6

Is it possible to use a structure with a pointer to another structure inside a memory mapped file instead of storing the offset in some integral type and calculate the pointer?

e.g. given following struct:

typedef struct _myStruct_t {
  int number;
  struct _myStruct_t *next;
} myStruct_t;
myStruct_t* first = (myStruct_t*)mapViewHandle;
myStruct_t* next = first->next;

instead of this:

typedef struct _myStruct_t {
  int number;
  int next;
} myStruct_t;
myStruct_t* first = (myStruct_t*)mappedFileHandle;
myStruct_t* next = (myStruct_t*)(mappedFileHandle+first->next);

I read about '__based' keyword, but this is Microsoft specific and therefore Windows-bound.

Looking for something working with GCC compiler.

RaphaelH
  • 2,144
  • 2
  • 30
  • 43
  • What is the problem? What have you tried? What errors do you get? The linked list node structure in the first snippet is perfectly normal. A structure in a file sounds a little iffy, so I think you should be a little bit more explicit in what it is that you're trying to achieve. – Henrik Jun 12 '14 at 10:18
  • @Henrik: There is nothing to try cause I see no way of doing this. Of course I can assign next to the memory mapped base with some offset and use it but as soon as I restart the application the pointer value stored in next is not valid anymore cause the base address of the mapped memory region changes. That's why I use the second snippet. So the question basically is if gcc does support something which could generate this in any way dynamically.

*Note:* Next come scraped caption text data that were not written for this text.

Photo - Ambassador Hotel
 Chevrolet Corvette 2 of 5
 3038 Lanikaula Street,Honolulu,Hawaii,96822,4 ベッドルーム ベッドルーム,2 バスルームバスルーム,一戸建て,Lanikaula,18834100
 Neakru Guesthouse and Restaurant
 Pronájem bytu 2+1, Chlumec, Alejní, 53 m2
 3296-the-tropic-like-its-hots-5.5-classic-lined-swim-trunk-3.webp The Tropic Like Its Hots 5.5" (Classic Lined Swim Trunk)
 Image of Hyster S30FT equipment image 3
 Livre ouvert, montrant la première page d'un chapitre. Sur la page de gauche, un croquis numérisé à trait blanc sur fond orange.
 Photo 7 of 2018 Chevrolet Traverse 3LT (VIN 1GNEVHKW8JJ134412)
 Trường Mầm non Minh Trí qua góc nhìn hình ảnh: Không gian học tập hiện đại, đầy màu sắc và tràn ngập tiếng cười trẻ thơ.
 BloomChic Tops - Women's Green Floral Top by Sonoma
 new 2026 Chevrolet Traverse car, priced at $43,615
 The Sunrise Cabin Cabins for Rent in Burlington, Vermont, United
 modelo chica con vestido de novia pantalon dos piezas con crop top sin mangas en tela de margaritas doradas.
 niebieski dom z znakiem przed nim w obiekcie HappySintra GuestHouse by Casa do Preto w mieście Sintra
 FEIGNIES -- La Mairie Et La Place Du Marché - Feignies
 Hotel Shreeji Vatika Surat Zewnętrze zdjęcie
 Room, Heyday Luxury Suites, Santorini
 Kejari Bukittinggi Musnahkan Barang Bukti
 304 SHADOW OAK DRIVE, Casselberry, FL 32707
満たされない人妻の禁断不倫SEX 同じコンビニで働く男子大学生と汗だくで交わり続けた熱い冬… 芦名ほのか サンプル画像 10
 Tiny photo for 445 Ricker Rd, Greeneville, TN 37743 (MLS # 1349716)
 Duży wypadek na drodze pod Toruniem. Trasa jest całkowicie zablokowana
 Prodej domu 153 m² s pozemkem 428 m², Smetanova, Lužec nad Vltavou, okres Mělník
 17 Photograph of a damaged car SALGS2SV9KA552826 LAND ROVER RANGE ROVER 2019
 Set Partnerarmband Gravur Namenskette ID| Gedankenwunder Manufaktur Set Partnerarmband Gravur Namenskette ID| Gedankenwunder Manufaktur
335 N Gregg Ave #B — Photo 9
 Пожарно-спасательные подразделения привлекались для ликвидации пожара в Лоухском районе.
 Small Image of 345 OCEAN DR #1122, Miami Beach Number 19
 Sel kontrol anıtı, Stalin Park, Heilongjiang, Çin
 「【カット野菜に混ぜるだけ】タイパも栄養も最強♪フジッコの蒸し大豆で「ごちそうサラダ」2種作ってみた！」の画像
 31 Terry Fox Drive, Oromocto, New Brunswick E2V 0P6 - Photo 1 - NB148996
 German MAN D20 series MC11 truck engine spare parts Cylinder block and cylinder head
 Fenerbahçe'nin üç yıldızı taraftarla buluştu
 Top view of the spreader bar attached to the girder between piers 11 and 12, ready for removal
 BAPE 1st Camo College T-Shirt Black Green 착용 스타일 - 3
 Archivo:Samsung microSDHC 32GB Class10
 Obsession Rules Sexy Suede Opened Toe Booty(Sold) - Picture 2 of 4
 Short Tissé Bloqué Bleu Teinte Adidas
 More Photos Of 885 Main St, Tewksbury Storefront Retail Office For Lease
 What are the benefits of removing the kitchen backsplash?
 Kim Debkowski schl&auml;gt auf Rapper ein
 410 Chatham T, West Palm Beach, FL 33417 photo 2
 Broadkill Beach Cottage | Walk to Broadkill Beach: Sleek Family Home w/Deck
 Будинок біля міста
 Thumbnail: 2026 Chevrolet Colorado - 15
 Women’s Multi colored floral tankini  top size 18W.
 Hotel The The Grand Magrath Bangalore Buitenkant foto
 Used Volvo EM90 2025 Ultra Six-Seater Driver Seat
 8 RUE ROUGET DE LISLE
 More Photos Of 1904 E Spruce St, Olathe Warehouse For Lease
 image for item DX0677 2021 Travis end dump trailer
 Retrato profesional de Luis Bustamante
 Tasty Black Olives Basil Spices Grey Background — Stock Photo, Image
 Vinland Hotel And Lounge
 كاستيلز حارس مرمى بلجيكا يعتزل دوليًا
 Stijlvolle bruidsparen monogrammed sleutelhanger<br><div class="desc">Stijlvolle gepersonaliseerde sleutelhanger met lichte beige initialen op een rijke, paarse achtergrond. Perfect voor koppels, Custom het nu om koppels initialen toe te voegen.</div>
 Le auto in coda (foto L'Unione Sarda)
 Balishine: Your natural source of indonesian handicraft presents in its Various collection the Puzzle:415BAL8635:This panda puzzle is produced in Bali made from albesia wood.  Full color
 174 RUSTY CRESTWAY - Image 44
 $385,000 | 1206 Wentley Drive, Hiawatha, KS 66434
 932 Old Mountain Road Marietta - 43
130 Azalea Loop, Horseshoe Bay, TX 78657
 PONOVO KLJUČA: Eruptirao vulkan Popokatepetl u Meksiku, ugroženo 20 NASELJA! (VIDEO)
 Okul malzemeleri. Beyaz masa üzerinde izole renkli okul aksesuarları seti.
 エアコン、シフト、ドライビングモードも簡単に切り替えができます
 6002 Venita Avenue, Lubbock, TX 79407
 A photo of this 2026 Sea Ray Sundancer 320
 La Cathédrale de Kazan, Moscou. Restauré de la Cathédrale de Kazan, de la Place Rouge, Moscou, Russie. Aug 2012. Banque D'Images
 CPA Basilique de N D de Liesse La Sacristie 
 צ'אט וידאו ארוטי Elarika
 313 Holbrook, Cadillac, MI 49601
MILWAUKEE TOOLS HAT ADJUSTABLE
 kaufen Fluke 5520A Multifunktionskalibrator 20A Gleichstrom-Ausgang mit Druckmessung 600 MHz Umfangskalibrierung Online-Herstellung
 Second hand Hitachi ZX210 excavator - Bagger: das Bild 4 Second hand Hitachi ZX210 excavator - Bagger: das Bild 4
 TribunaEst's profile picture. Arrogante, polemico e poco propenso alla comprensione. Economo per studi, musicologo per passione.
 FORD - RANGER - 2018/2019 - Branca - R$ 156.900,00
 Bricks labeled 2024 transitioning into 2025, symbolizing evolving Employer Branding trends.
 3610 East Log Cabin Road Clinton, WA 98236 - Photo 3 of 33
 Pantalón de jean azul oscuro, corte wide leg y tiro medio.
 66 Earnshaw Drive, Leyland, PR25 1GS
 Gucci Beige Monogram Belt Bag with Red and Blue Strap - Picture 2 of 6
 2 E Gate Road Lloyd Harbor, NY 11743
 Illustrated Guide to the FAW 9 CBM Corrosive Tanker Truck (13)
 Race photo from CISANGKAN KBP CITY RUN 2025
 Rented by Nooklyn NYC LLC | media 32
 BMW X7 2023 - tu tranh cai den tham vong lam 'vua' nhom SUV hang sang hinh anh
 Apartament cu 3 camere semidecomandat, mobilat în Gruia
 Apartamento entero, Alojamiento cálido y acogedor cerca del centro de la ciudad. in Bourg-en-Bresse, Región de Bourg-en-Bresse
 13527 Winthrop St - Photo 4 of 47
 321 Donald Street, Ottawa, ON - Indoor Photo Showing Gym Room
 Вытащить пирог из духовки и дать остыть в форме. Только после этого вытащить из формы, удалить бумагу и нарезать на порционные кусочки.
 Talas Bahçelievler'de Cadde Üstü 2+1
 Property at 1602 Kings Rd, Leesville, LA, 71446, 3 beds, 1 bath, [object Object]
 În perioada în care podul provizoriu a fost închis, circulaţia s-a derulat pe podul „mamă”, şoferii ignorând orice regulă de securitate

It should store the offset instead of the current pointer value. – RaphaelH Jun 12 '14 at 10:32
  • I don't know of any way for GCC to help you with this, but assuming you're using `mmap` to create the mapping, maybe using the `MAP_FIXED` flag and specifying a fixed base address might help you. – Henrik Jun 12 '14 at 10:45
  • @Henrik: Nice idea but "it will cause mmap to unmap anything that may already be mapped at that address which is generally a very bad thing" see http://stackoverflow.com/questions/6446101/how-do-i-choose-a-fixed-address-for-mmap – RaphaelH Jun 12 '14 at 10:55

3 Answers3

2

I'm pretty sure there's nothing akin to the __based pointer from Visual Studio in GCC. The only time I'd seen anything like that built-in was on some pretty odd hardware. The Visual Studio extension provides an address translation layer around all operations involving the pointer.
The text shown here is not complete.